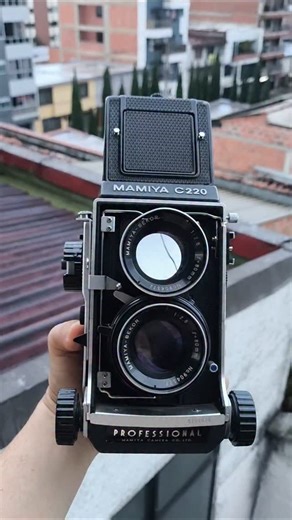 Juan Carlos Monsalve on Instagram: "Vendida. Mamiya C220 es una cámara réflex de doble lente (TLR) de formato medio, conocida por sus objetivos intercambiables y sistema de enfoque con fuelle. Fabricada por Mamiya a principios de la década de 1970, utiliza película 120 y 220 y produce imágenes de 6x6 cm. Características principales: Objetivos intercambiables: A diferencia de la mayoría de las cámaras TLR, la C220 permite cambiar los objetivos, ofreciendo flexibilidad con diferentes longitudes fo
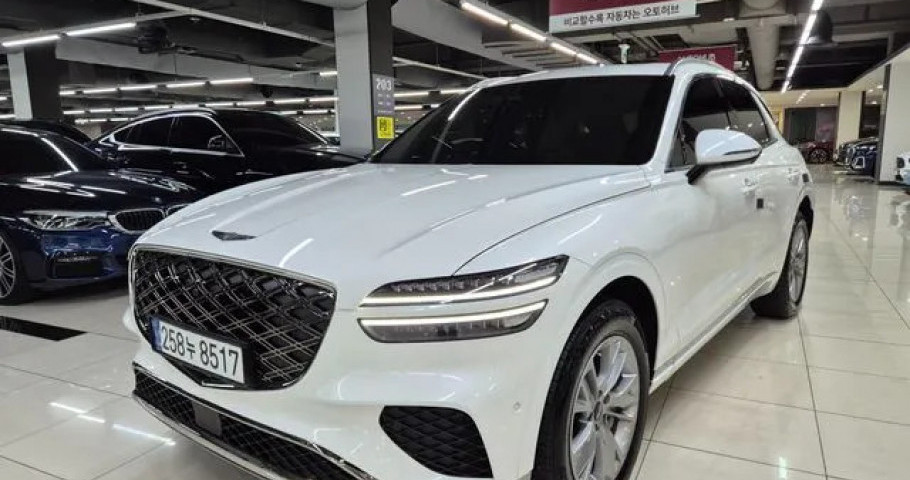 Genesis Gv70 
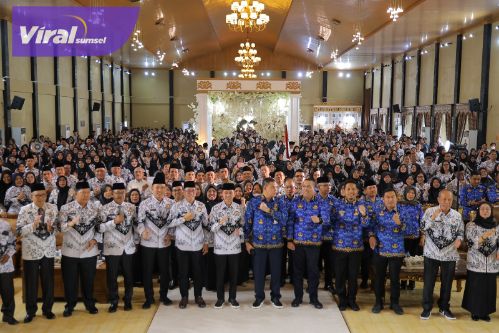 Ratu Dewa Kukuhkan Pengurus PGRI Kota Palembang: Komitmen Majukan Pendidikan Tak Hanya Seremonial. Foto : viralsumsel.com /nto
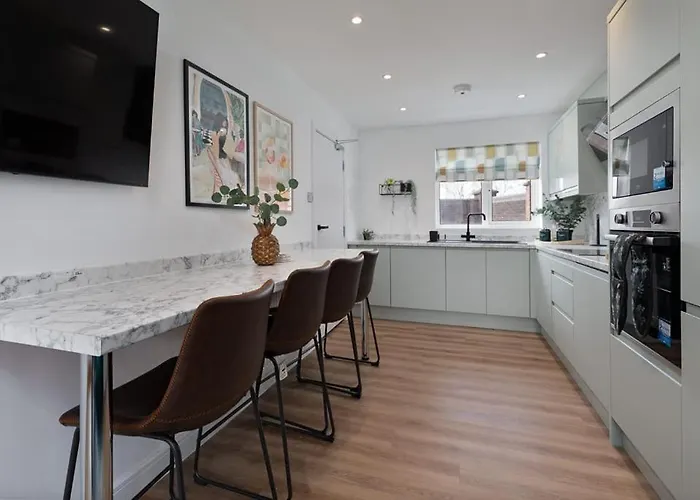 Free Parking The Quays- Sleeps 8 By Genesis Living * Manchester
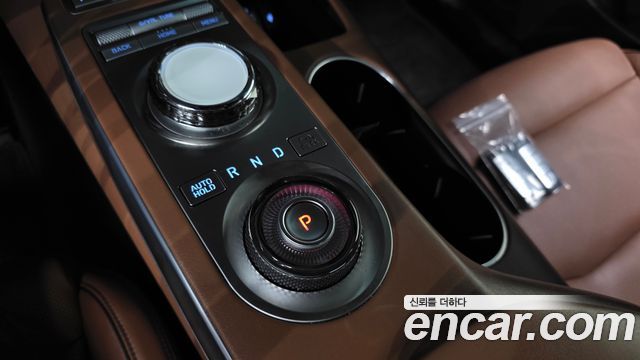 Genesis GV70 2023 — photo 12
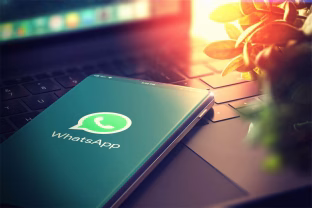 Suklusti turėtų visi „WhatsApp“ naudotojai: virusas blokuoja paskyras per kelias valandas, kaip apsisaugoti?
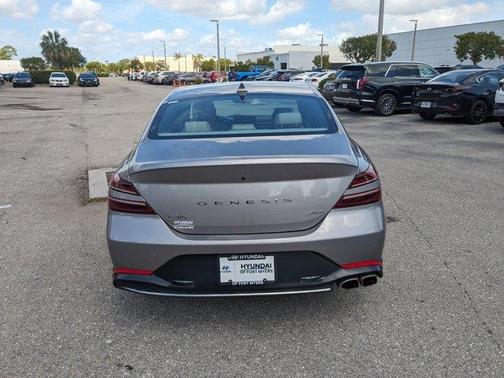 2023 Genesis G70 2.0T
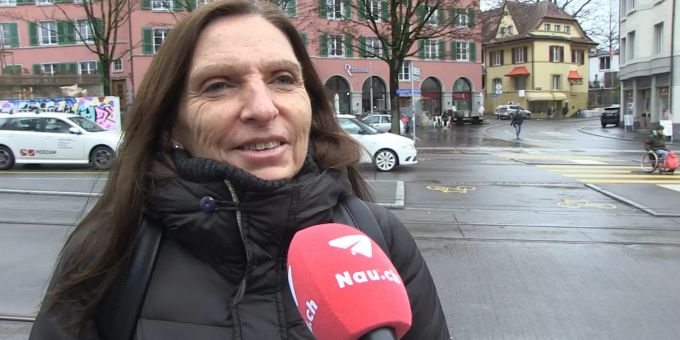 «Hysterie» - Schweizer haben trotz Toten keine Angst vor Coronavirus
------------------------------------------------------------
Exercise:
Print again, word for word, every line from the line with "Ratu Dewa Kukuhkan" to the final line of the records, inclusive; skip the pictures.

Answer to this task:
 Ratu Dewa Kukuhkan Pengurus PGRI Kota Palembang: Komitmen Majukan Pendidikan Tak Hanya Seremonial. Foto : viralsumsel.com /nto
 Free Parking The Quays- Sleeps 8 By Genesis Living * Manchester
 Genesis GV70 2023 — photo 12
 Suklusti turėtų visi „WhatsApp“ naudotojai: virusas blokuoja paskyras per kelias valandas, kaip apsisaugoti?
 2023 Genesis G70 2.0T
 «Hysterie» - Schweizer haben trotz Toten keine Angst vor Coronavirus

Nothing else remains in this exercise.